Task goal: I would like the lines below, from the one with "By Aleyna, Barin & Beyza Table of contents" through the one with "凤凰体育体球网 | 凤凰体育体球网", copied exactly and without any pictures.

(Data records)
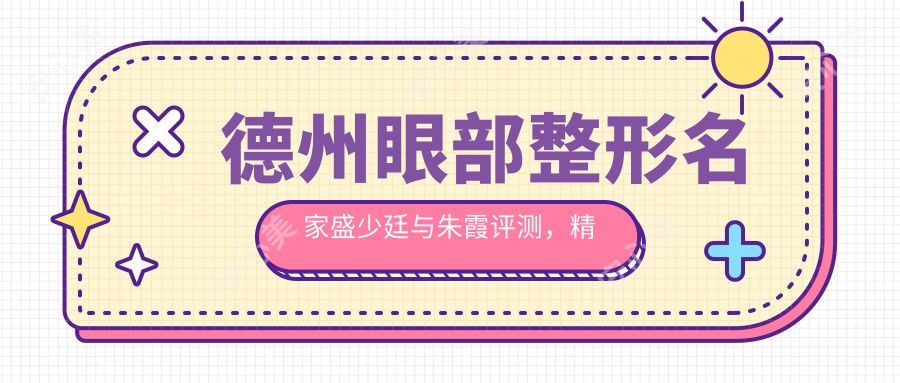 德州眼部整形名家盛少廷与朱霞评测,微雕细琢打造自然美眼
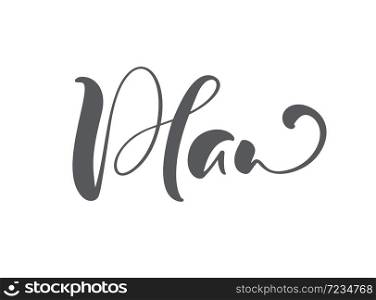 Plan vector calligraphic hand drawn text. Business concept for meetings or organizers or planning notes. Can place your own phrase.. Plan vector calligraphic hand drawn text. Business concept for meetings or organizers or planning notes. Can place your own phrase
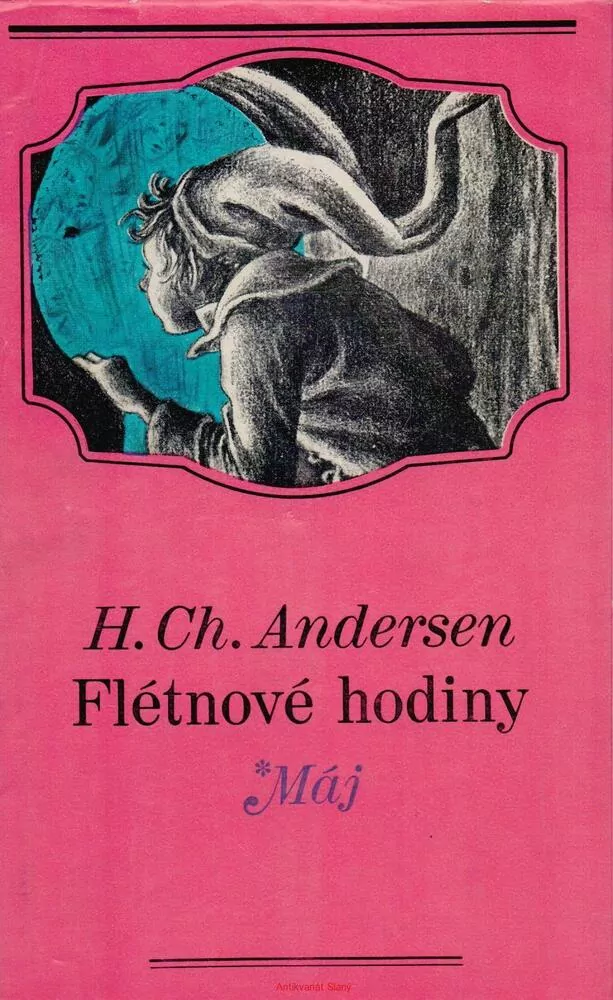 Hans Christian Andersen / FLÉTNOVÉ HODINY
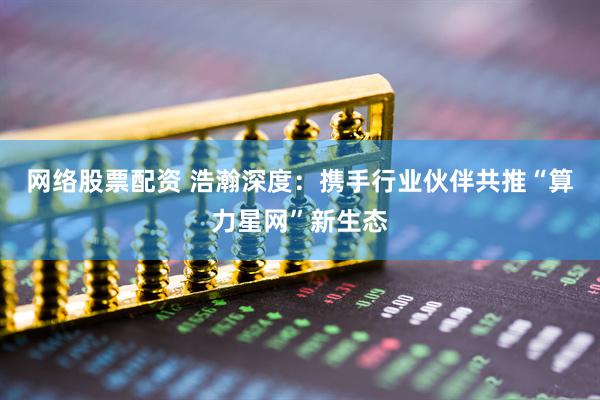 网络股票配资 浩瀚深度：携手行业伙伴共推“算力星网”新生态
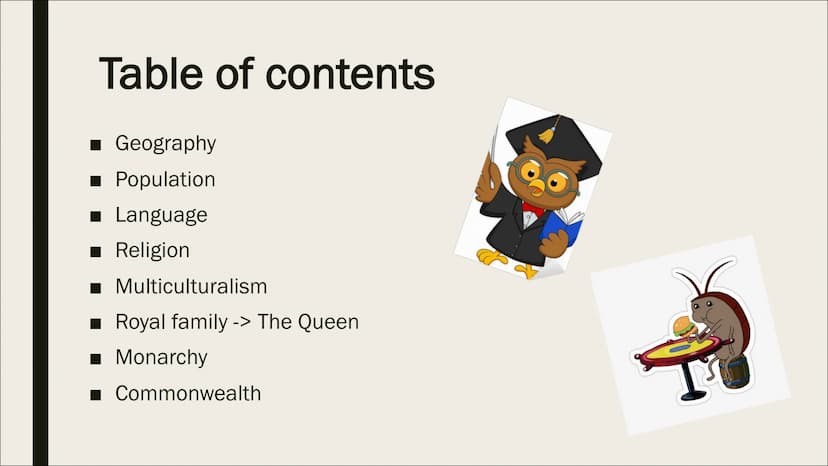 THE UNITED KINGDOM
By Aleyna, Barin & Beyza Table of contents
■ Geography
■ Population
■ Language
■ Religion
■
Multiculturalism
■ Royal fami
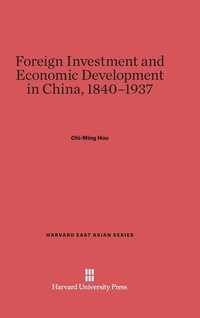 bokomslag Foreign Investment and Economic Development in China, 1840-1937
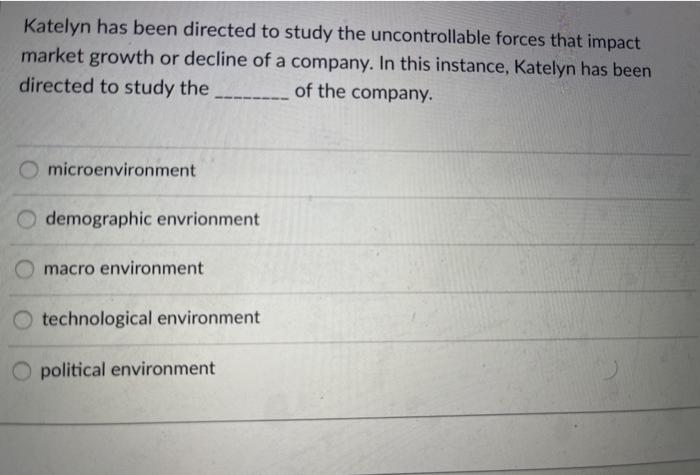  Katelyn has been directed to study the uncontrollable forces that impact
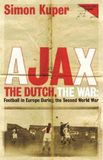 Ajax, Bol Ajax, The Dutch, The War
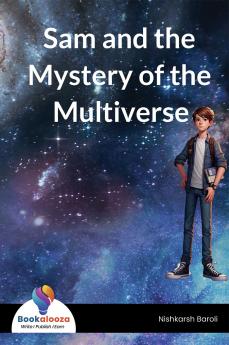 Sam and the Mystery of the Multiverse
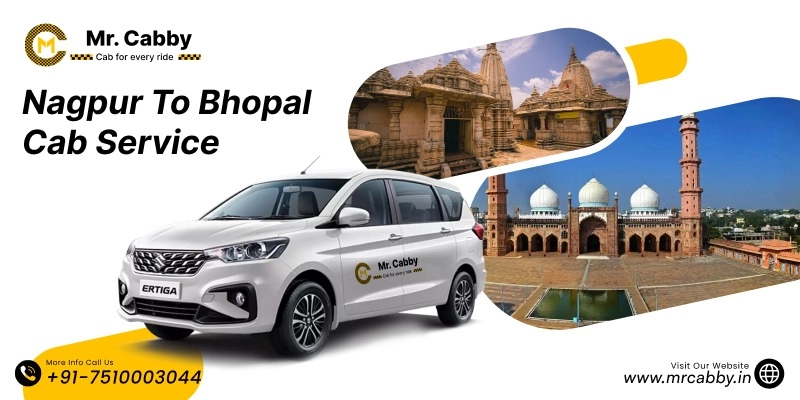 Nagpur to Bhopal Cab Service with Up To 10% Off | Nagpur to Bhopal One Way or Round Trip Taxi Booking from Mr. Cabby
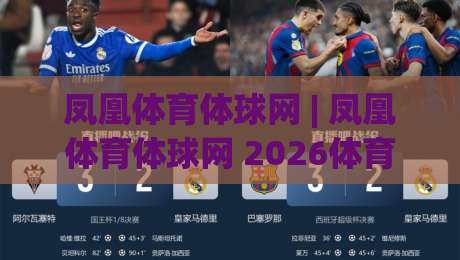凤凰体育体球网 | 凤凰体育体球网 2026体育数据服务新体验：从实时比分到深度赛况的进阶之路|今晚靠谱最火进球网技巧预选竞投论坛720P集锦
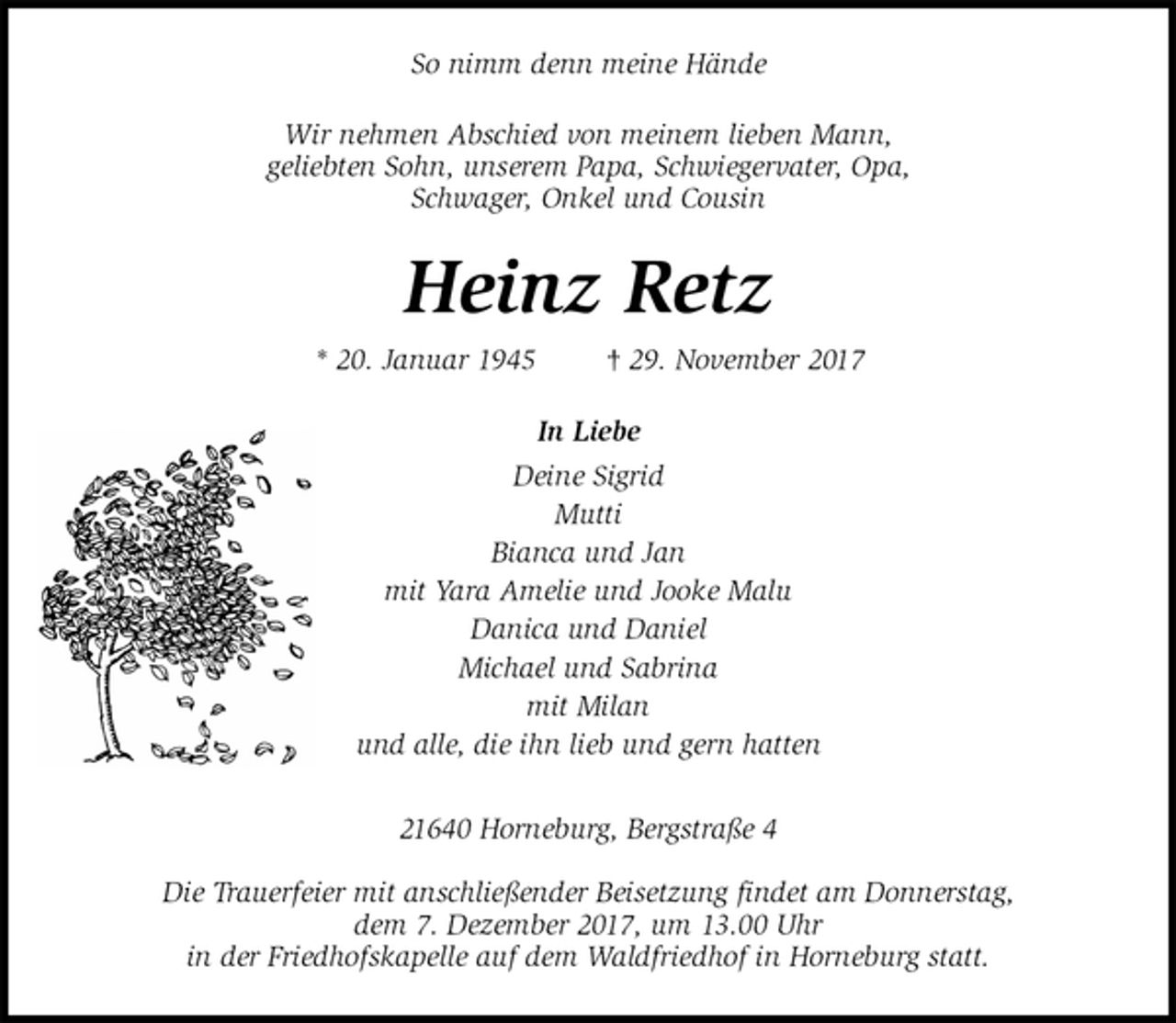 <p>So nimm denn meine Hände<br />Wir nehmen Abschied von meinem lieben Mann,<br />geliebten Sohn, unserem Papa, Schwiegervater, Opa,<br />Schwager, Onkel und Cousin<br />Heinz Retz<br />* 20. Januar 1945 † 29. November 2017<br />In Liebe<br />Deine Sigrid<br />Mutti<br />Bianca und Jan<br />mit Yara Amelie und Jooke Malu<br />Danica und Daniel<br />Michael und Sabrina<br />mit Milan<br />und alle, die ihn lieb und gern hatten<br />21640 Horneburg, Bergstraße 4</p><p>Die Trauerfeier mit anschließender Beisetzung findet am Donnerstag,<br />dem 7. Dezember 2017, um 13.00 Uhr<br />in der Friedhofskapelle auf dem Waldfriedhof in Horneburg statt.</p>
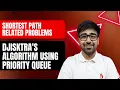 DSA in Python Course - Dijkstra s Algorithm Using Priority Queue GFG Graphs Part 144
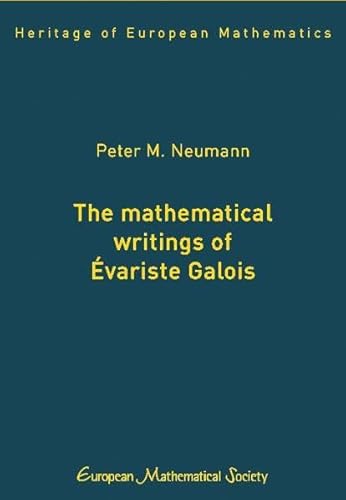 Imagen de archivo de The Mathematical Writings of variste Galois a la venta por Better World Books Ltd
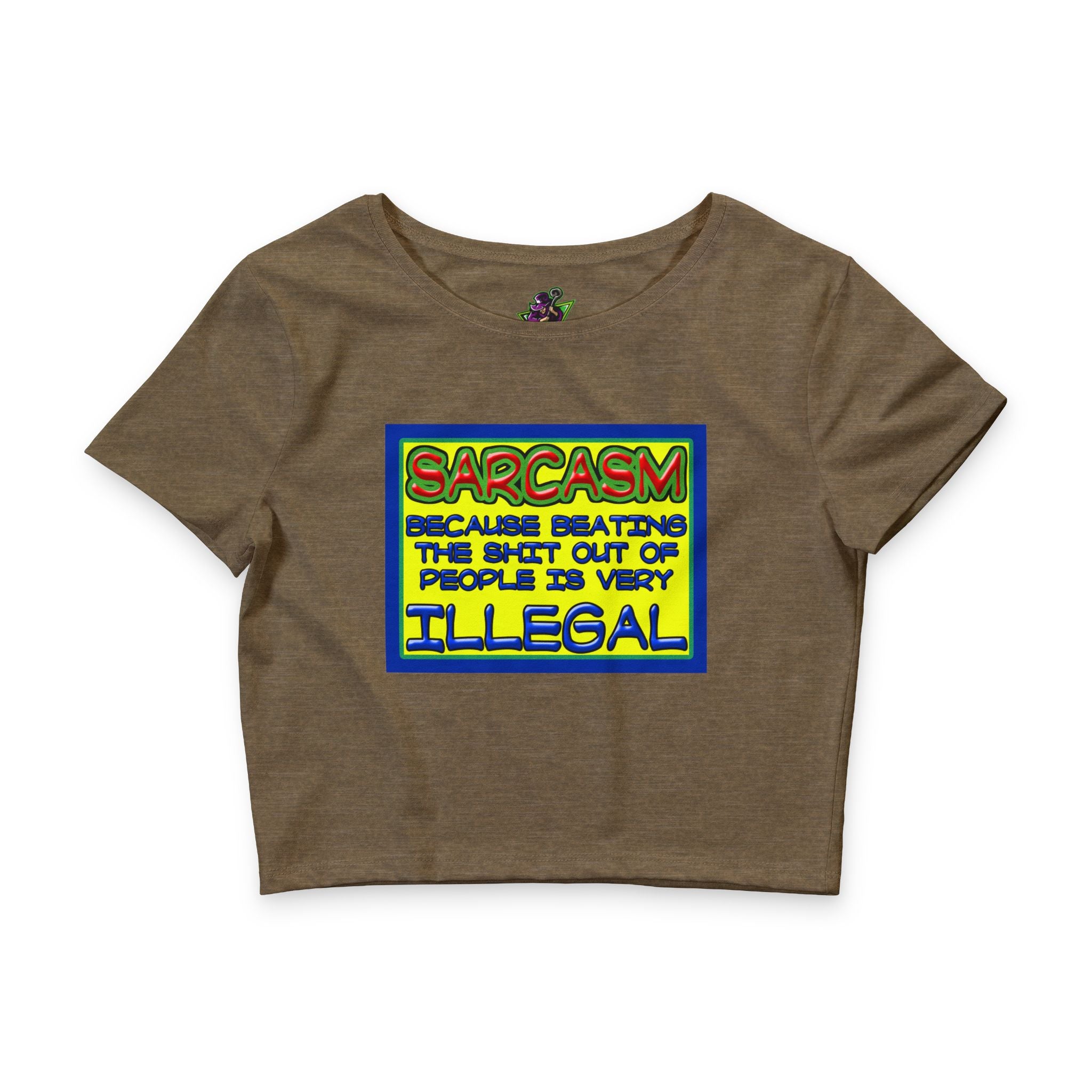 Sarcasm: Because Beating the Shit / Crop Top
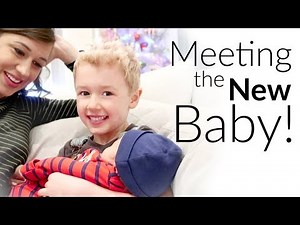Meeting the New Baby!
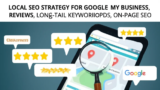 กลยุทธ์ Local SEO เจาะลึกสำหรับเขตคลองสาน: การทำ Google My Business, รีวิว, คีย์เวิร์ดระยะยาว และ SEO บนหน้าเว็บไซต์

Exercise answer:
By Aleyna, Barin & Beyza Table of contents
■ Geography
■ Population
■ Language
■ Religion
■
Multiculturalism
■ Royal fami
 bokomslag Foreign Investment and Economic Development in China, 1840-1937
  Katelyn has been directed to study the uncontrollable forces that impact
 Ajax, Bol Ajax, The Dutch, The War
 Sam and the Mystery of the Multiverse
 Nagpur to Bhopal Cab Service with Up To 10% Off | Nagpur to Bhopal One Way or Round Trip Taxi Booking from Mr. Cabby
凤凰体育体球网 | 凤凰体育体球网 2026体育数据服务新体验：从实时比分到深度赛况的进阶之路|今晚靠谱最火进球网技巧预选竞投论坛720P集锦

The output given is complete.